The understanding paved the way to streamline Army Corps of Engineers’ permits to repair impoundment dikes, a revision that allows owners to make timely repairs when a hurricane or storm tide breaches the dike, instead of laboring through the current, costly yearlong process. The proposal is now in public hearing.
“We look forward to reviewing” the revised Army Corps permits, said Dan Burger of S.C. Ocean and Coastal Resource Management.
“I think there’s been a recognition by these agencies that rice fields are a valuable cultural, historic and natural resource,” Lane said.
Rice fields now cover nearly 70,000 acres across the state’s coast in patches skirting tidal rivers. They are walled-off impoundments with gates that are raised or lowered to draw tidal water in or out for growing rice. A product of the Colonial era, they are one of the features that makes the Lowcountry look like nothing but water at times when viewed from the sky.
After rice played out as a crop, a lot of the sluice gates and levees themselves were abandoned and fell apart. More than half the original rice acreage has broken open and become overgrown.
State laws discourage the re-impoundment of fallen-in rice fields; permits are tough to win and hinge on factors like keeping acreage to a minimum and the condition of existing dikes. The issue has been a bone of contention for years among agencies, owners and environmentalists.

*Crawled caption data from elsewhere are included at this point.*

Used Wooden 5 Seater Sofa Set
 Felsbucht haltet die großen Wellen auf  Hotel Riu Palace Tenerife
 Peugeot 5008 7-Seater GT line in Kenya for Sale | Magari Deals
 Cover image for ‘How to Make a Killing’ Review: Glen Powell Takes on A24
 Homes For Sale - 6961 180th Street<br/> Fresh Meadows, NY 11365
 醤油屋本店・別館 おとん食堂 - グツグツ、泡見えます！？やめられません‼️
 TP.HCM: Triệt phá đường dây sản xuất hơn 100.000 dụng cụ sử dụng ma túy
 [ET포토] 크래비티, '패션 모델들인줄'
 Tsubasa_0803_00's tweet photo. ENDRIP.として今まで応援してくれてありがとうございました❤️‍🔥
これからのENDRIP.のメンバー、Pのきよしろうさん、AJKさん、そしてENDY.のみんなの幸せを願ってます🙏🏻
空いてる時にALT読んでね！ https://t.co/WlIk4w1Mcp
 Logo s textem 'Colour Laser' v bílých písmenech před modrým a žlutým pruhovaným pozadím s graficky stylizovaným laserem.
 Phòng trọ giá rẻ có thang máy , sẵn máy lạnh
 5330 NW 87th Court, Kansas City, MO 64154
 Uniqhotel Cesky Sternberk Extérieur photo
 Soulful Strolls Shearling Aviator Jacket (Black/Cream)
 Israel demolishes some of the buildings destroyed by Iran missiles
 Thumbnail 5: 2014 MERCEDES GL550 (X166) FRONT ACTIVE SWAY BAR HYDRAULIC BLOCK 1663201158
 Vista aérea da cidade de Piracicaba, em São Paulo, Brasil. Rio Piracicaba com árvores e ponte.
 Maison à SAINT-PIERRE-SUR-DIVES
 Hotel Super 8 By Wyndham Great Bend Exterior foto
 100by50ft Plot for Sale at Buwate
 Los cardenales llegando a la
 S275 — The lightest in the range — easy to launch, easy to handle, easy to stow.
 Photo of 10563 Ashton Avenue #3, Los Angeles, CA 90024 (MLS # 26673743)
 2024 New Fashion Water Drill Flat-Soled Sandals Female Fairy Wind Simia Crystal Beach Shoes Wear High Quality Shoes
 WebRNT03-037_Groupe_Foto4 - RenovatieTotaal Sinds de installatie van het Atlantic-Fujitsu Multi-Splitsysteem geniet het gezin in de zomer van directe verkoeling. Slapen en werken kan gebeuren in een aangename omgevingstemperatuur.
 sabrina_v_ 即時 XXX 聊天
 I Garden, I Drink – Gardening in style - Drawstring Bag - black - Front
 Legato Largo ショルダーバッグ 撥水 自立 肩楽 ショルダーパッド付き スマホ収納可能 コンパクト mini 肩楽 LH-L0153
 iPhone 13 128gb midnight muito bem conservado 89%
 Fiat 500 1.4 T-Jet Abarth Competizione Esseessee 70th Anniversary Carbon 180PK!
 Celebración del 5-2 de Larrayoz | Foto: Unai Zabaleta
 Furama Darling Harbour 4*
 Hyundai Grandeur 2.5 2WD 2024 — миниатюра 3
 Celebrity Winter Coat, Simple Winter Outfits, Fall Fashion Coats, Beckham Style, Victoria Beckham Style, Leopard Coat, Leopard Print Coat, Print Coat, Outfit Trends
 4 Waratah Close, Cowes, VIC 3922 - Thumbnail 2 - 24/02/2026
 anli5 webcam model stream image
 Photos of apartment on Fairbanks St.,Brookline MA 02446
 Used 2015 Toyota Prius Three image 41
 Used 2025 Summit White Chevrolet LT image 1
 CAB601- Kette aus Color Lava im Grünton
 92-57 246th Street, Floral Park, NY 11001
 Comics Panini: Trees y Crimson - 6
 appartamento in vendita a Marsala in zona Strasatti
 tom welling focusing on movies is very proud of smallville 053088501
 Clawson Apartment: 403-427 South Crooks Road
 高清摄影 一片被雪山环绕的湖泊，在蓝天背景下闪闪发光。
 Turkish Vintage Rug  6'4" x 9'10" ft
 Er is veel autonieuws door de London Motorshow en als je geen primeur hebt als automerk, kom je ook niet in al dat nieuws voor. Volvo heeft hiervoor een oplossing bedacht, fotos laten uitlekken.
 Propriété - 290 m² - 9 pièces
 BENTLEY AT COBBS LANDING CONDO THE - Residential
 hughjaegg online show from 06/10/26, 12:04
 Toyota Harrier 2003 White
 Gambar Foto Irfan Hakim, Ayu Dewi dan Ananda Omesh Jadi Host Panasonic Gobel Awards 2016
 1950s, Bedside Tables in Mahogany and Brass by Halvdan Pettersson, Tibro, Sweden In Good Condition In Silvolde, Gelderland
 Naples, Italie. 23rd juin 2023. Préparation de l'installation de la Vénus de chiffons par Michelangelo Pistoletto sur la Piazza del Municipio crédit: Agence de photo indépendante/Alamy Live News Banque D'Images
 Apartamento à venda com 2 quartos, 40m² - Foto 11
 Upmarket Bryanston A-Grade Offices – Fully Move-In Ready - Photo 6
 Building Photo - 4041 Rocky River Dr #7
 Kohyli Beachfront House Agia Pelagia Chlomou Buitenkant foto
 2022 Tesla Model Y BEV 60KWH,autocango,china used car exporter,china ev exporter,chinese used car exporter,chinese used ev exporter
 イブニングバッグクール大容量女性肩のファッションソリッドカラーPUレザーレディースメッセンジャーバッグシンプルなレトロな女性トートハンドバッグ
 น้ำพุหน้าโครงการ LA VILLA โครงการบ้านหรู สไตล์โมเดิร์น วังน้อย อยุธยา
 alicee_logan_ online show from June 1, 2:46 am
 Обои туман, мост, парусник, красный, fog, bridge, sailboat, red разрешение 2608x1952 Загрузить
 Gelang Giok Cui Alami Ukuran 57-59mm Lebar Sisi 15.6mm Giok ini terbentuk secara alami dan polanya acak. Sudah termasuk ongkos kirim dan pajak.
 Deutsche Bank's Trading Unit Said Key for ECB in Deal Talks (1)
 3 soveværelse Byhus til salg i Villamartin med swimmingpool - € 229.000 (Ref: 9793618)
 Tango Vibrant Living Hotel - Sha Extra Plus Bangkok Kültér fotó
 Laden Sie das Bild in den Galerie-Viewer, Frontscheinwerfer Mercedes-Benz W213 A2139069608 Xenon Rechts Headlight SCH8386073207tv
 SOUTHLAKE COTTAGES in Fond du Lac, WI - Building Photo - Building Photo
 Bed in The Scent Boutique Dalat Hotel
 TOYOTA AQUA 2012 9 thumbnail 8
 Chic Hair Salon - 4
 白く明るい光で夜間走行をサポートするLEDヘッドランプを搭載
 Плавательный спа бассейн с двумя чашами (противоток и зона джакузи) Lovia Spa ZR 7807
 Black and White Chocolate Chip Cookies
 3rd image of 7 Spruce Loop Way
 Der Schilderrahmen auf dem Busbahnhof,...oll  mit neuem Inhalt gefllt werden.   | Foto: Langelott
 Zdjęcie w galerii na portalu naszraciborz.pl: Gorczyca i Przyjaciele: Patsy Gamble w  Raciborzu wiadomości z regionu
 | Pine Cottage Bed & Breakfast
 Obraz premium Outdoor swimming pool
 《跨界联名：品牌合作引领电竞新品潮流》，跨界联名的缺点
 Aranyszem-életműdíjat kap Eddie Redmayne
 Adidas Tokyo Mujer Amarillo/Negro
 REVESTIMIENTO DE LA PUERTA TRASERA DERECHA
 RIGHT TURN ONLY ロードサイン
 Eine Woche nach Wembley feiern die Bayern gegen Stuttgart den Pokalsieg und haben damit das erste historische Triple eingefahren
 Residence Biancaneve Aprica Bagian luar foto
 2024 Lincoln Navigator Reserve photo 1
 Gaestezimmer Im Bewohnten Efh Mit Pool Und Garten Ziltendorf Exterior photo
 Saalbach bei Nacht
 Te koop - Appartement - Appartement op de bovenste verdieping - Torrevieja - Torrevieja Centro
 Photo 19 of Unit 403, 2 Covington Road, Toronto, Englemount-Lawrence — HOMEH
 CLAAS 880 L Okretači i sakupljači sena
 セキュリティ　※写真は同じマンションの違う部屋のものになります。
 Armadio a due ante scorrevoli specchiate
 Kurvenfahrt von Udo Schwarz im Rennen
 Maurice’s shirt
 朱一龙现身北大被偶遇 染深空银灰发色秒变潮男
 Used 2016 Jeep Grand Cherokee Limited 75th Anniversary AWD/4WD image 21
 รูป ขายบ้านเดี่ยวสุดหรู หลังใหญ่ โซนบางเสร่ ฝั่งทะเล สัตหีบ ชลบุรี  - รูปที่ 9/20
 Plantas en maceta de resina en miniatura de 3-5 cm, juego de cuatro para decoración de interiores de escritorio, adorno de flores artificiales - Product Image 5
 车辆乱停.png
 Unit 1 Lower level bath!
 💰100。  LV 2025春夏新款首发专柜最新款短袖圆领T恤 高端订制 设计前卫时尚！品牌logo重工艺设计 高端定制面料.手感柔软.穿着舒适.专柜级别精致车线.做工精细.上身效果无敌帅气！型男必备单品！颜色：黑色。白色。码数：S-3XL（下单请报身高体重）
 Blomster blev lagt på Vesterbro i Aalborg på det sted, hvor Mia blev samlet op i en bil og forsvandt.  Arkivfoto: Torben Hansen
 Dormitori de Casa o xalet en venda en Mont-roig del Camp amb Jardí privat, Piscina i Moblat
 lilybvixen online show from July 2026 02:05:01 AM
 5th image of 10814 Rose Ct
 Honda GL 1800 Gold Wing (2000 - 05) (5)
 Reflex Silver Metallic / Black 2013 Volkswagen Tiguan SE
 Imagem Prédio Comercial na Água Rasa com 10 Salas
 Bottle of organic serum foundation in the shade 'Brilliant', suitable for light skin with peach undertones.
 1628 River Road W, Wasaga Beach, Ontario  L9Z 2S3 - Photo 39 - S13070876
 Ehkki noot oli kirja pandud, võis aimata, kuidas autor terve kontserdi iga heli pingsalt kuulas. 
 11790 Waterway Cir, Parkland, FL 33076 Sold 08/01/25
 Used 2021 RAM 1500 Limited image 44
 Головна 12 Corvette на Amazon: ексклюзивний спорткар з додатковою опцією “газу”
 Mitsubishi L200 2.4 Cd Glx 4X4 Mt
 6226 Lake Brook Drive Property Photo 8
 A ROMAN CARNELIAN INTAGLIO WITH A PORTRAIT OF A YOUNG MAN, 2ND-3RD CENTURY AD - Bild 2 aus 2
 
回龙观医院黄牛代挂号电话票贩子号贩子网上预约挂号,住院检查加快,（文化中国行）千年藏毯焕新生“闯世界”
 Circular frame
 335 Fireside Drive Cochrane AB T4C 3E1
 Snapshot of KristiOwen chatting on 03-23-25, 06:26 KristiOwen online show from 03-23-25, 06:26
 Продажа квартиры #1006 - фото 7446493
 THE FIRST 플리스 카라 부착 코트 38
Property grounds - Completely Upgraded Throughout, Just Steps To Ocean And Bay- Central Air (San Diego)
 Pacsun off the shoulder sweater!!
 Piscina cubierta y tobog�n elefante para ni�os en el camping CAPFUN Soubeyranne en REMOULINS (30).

Some property owners and others want to be able to re-dike the fields for waterfowl habitat and land uses. Some regulators and others say the practice could infringe on a variety of things, including public boating, fishing and the water quality of the estuaries. In the middle are environmentalists who see benefits in both.
As recently as 2005, a committee drawn from those groups to review the state laws fell apart after a single meeting, as participants generally conceded that no agreement could be reached. It was a consequence of what Lane called “failure after failure” by owners’ groups to communicate the greater value of their fields.
The owners changed their focus from trying to rebuild lost fields to protecting the existing fields, Lane said. The accord was forged in a recent series of meetings among the groups.
Rice fields “did eliminate some tidal and brackish marsh. But the positives outweigh the negatives,” said Nathan Dias of the Cape Romain Bird Observatory. “It’s hard to find an order of birds that doesn’t benefit. Some of the biggest alligators we have in South Carolina are found in the rice fields. Things got slanted toward waterfowl and game birds, but that’s what pays the bill. Rice fields are extraordinarily valuable.”